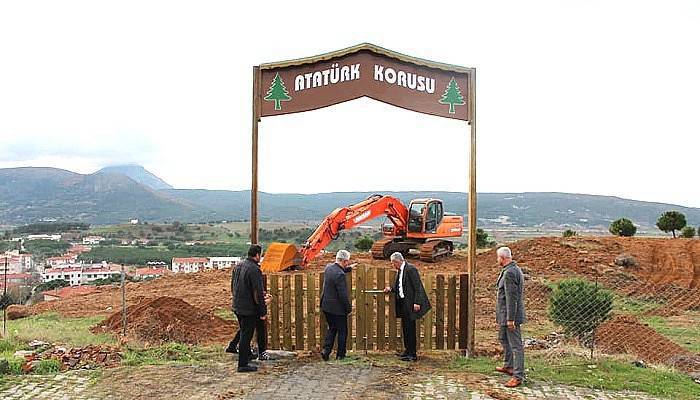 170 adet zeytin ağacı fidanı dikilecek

┄┄┄┄┄┄┄┄┄┄

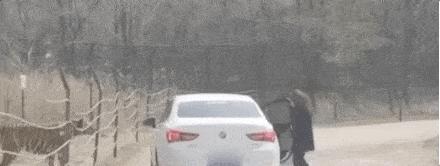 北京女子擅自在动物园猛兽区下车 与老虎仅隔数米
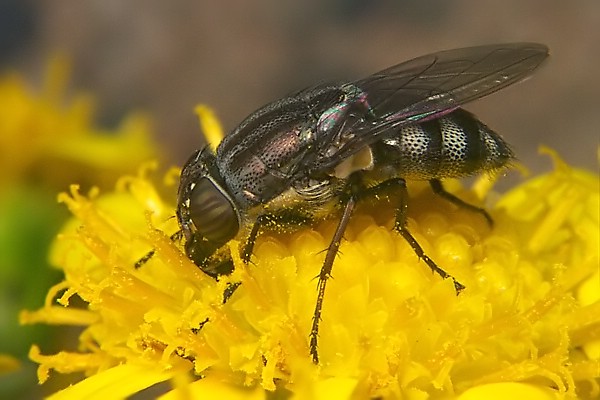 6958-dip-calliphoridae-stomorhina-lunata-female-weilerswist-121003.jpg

┄┄┄┄┄┄┄┄┄┄

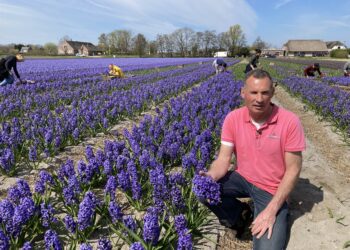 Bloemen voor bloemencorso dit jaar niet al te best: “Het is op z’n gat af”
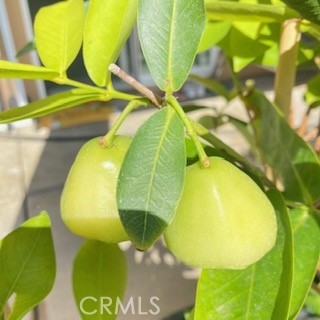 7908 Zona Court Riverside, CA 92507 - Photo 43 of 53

┄┄┄┄┄┄┄┄┄┄

Work instructions:
Repeat, word for word, the lines of the material above from the one holding "Bloemen voor bloemencorso" through the one holding "7908 Zona Court". Leave out pictures.

Written solution:
 Bloemen voor bloemencorso dit jaar niet al te best: “Het is op z’n gat af”
 7908 Zona Court Riverside, CA 92507 - Photo 43 of 53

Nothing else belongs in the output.